## Problem to solve
In the data below, find the line that contains "For Sony PlayStation" and the line that contains "Exceptional nude bombshell". Copy both, plus every line between them, exactly.

(Short web captions)
☆ ☆ ☆ ☆
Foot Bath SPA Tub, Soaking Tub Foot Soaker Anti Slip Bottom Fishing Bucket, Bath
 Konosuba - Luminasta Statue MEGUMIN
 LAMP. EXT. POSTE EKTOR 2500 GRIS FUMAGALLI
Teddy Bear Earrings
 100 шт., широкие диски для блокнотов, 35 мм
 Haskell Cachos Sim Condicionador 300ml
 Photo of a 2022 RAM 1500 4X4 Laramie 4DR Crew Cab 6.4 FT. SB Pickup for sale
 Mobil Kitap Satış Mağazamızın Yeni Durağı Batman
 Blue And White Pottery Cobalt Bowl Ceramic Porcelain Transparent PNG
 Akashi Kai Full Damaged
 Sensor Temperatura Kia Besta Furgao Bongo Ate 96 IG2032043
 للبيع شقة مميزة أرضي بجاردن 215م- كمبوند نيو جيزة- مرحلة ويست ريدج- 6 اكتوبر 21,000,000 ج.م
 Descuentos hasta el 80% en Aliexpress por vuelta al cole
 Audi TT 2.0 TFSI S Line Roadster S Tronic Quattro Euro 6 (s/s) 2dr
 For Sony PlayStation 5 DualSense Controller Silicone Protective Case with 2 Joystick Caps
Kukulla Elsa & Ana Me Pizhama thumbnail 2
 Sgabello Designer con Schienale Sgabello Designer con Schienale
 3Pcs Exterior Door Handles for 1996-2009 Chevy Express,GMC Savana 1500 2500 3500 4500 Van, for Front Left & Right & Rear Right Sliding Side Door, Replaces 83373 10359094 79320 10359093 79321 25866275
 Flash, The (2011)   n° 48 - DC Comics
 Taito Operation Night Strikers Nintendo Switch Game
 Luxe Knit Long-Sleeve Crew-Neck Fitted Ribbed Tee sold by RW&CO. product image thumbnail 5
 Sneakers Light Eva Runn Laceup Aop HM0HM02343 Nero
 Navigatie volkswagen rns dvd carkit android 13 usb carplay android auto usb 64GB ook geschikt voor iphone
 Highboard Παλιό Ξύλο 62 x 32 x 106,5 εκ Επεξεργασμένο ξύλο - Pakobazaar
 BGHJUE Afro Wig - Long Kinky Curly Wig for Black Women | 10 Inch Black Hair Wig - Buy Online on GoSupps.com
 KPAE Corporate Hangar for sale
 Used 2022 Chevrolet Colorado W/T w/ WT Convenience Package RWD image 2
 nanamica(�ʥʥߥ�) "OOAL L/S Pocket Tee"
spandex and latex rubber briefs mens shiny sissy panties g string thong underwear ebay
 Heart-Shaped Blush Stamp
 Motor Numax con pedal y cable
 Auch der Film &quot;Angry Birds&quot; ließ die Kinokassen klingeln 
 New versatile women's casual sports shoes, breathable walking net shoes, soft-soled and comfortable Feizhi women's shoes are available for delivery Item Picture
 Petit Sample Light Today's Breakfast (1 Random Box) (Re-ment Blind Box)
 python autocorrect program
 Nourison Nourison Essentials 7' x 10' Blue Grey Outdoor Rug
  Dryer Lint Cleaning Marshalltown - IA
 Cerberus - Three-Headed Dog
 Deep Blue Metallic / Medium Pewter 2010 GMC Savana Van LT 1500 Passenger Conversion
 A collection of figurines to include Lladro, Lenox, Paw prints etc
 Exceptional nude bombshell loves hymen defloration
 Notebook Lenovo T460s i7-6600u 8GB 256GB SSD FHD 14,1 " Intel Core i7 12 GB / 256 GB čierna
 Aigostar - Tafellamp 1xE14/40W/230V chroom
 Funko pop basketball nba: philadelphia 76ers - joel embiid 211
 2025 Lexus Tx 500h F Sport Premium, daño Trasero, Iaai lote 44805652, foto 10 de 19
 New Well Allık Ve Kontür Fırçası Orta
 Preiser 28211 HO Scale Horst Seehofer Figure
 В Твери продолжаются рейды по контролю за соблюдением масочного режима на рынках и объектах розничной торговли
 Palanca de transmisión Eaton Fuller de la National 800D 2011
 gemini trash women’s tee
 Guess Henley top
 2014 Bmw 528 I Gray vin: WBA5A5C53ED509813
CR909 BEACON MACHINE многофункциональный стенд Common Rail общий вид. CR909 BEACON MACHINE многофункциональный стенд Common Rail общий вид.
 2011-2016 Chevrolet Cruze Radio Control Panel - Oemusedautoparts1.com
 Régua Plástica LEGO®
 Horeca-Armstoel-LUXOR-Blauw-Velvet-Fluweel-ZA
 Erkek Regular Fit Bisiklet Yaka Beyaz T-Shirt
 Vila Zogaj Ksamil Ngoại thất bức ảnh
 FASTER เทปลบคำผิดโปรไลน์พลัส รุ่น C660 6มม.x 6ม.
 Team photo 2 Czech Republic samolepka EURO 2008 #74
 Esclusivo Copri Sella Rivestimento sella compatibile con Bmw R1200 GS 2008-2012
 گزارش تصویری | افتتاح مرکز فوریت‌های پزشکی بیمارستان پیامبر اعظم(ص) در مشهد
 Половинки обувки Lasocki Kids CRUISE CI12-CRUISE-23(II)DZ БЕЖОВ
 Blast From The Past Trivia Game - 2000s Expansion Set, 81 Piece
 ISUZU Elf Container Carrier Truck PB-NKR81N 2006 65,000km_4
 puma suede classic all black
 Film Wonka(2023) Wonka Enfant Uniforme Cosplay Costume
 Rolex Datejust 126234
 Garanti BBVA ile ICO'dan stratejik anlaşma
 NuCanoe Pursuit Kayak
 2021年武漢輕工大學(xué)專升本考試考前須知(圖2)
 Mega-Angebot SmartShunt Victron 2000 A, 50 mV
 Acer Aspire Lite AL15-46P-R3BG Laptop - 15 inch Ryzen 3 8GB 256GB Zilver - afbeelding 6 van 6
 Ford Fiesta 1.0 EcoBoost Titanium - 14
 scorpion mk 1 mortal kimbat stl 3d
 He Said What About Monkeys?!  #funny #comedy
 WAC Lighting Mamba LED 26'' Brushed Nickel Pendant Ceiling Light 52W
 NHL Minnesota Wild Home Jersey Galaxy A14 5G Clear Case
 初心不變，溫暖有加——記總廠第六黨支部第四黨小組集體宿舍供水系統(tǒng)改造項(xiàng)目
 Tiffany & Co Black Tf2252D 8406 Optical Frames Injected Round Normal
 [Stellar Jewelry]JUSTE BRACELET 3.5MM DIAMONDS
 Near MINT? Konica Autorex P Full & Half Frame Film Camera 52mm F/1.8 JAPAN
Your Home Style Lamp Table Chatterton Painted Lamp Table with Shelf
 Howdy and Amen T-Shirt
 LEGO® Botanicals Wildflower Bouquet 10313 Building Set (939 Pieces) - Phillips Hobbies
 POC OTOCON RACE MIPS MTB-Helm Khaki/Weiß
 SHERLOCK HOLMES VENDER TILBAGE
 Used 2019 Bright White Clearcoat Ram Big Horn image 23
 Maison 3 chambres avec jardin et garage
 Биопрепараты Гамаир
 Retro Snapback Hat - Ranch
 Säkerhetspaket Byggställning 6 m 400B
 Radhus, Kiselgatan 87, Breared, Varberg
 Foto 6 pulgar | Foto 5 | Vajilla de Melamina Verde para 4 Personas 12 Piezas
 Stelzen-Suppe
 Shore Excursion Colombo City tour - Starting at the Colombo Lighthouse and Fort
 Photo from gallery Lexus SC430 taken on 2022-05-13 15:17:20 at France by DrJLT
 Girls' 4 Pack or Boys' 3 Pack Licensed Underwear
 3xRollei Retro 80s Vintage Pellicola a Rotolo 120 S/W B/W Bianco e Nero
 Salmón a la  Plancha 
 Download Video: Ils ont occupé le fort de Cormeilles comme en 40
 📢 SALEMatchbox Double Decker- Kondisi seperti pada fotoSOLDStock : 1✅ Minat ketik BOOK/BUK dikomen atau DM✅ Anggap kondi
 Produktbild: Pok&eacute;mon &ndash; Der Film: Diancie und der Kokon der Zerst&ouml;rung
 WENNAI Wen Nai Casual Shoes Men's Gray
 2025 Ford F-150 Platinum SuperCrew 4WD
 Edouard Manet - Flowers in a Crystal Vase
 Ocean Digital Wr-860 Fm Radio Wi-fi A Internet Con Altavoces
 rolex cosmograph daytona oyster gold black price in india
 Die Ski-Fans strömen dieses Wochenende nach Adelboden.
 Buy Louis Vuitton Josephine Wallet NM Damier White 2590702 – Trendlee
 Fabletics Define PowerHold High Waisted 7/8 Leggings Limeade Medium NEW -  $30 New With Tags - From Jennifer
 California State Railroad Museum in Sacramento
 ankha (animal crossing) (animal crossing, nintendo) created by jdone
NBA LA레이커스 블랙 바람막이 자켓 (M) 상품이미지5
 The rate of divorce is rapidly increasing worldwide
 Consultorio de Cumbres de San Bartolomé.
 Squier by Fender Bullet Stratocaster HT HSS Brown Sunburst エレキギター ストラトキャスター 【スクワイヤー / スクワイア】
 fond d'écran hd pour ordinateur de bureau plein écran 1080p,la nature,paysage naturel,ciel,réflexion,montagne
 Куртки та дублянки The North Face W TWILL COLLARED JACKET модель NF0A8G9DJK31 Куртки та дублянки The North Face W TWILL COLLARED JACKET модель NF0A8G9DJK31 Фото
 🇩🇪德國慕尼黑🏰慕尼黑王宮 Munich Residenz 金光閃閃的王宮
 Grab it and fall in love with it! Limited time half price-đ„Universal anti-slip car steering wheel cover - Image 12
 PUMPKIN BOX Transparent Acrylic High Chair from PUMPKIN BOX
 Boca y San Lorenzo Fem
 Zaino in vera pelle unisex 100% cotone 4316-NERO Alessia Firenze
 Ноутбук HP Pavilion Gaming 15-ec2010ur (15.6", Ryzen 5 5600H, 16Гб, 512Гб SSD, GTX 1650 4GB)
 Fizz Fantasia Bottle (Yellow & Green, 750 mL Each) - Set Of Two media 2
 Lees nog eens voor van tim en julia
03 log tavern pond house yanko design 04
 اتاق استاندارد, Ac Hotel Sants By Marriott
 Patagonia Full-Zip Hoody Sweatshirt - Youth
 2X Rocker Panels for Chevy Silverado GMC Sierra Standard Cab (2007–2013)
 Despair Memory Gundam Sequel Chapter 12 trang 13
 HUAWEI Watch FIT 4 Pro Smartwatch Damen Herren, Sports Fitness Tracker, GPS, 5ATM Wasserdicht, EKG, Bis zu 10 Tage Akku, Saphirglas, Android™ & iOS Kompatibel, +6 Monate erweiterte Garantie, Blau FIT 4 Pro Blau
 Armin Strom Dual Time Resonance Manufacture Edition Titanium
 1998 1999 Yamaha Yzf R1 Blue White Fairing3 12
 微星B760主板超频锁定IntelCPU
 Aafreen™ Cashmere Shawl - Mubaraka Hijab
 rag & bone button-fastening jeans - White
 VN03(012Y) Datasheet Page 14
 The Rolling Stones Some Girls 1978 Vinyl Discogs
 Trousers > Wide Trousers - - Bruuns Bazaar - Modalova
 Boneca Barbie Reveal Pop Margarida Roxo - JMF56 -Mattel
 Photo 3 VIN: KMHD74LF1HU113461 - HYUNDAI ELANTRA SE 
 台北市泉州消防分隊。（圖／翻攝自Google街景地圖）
☆ ☆ ☆ ☆
## Response to this exercise
 For Sony PlayStation 5 DualSense Controller Silicone Protective Case with 2 Joystick Caps
Kukulla Elsa & Ana Me Pizhama thumbnail 2
 Sgabello Designer con Schienale Sgabello Designer con Schienale
 3Pcs Exterior Door Handles for 1996-2009 Chevy Express,GMC Savana 1500 2500 3500 4500 Van, for Front Left & Right & Rear Right Sliding Side Door, Replaces 83373 10359094 79320 10359093 79321 25866275
 Flash, The (2011)   n° 48 - DC Comics
 Taito Operation Night Strikers Nintendo Switch Game
 Luxe Knit Long-Sleeve Crew-Neck Fitted Ribbed Tee sold by RW&CO. product image thumbnail 5
 Sneakers Light Eva Runn Laceup Aop HM0HM02343 Nero
 Navigatie volkswagen rns dvd carkit android 13 usb carplay android auto usb 64GB ook geschikt voor iphone
 Highboard Παλιό Ξύλο 62 x 32 x 106,5 εκ Επεξεργασμένο ξύλο - Pakobazaar
 BGHJUE Afro Wig - Long Kinky Curly Wig for Black Women | 10 Inch Black Hair Wig - Buy Online on GoSupps.com
 KPAE Corporate Hangar for sale
 Used 2022 Chevrolet Colorado W/T w/ WT Convenience Package RWD image 2
 nanamica(�ʥʥߥ�) "OOAL L/S Pocket Tee"
spandex and latex rubber briefs mens shiny sissy panties g string thong underwear ebay
 Heart-Shaped Blush Stamp
 Motor Numax con pedal y cable
 Auch der Film &quot;Angry Birds&quot; ließ die Kinokassen klingeln 
 New versatile women's casual sports shoes, breathable walking net shoes, soft-soled and comfortable Feizhi women's shoes are available for delivery Item Picture
 Petit Sample Light Today's Breakfast (1 Random Box) (Re-ment Blind Box)
 python autocorrect program
 Nourison Nourison Essentials 7' x 10' Blue Grey Outdoor Rug
  Dryer Lint Cleaning Marshalltown - IA
 Cerberus - Three-Headed Dog
 Deep Blue Metallic / Medium Pewter 2010 GMC Savana Van LT 1500 Passenger Conversion
 A collection of figurines to include Lladro, Lenox, Paw prints etc
 Exceptional nude bombshell loves hymen defloration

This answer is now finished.